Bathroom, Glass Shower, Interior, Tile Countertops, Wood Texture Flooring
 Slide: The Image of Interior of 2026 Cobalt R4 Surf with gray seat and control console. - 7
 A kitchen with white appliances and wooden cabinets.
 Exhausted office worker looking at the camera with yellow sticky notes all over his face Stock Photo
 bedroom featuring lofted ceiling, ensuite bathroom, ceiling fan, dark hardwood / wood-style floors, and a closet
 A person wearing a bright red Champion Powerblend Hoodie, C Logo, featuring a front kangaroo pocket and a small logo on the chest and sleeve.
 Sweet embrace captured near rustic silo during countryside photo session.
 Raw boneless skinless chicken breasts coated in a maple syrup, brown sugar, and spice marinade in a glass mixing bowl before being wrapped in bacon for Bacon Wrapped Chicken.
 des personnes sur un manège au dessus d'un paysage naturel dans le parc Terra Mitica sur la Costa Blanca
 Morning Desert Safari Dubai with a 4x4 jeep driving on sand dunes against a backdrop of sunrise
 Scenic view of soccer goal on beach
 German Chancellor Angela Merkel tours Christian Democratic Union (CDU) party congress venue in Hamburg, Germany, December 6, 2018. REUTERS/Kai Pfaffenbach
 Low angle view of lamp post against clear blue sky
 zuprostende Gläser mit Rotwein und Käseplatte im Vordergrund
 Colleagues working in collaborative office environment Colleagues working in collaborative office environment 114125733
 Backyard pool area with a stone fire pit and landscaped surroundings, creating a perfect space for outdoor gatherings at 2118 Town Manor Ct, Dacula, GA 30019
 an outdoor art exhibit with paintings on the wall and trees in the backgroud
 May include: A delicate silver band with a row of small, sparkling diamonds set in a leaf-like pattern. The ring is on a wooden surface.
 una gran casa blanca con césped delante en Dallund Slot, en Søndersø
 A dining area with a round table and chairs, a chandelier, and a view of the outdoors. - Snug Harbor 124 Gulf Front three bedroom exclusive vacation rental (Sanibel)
===============
ACTION ITEM: Your answer should consist only of the lines from the one with "Backyard pool area" through the end of the data above, reproduced exactly.

TASK ANSWER:
 Backyard pool area with a stone fire pit and landscaped surroundings, creating a perfect space for outdoor gatherings at 2118 Town Manor Ct, Dacula, GA 30019
 an outdoor art exhibit with paintings on the wall and trees in the backgroud
 May include: A delicate silver band with a row of small, sparkling diamonds set in a leaf-like pattern. The ring is on a wooden surface.
 una gran casa blanca con césped delante en Dallund Slot, en Søndersø
 A dining area with a round table and chairs, a chandelier, and a view of the outdoors. - Snug Harbor 124 Gulf Front three bedroom exclusive vacation rental (Sanibel)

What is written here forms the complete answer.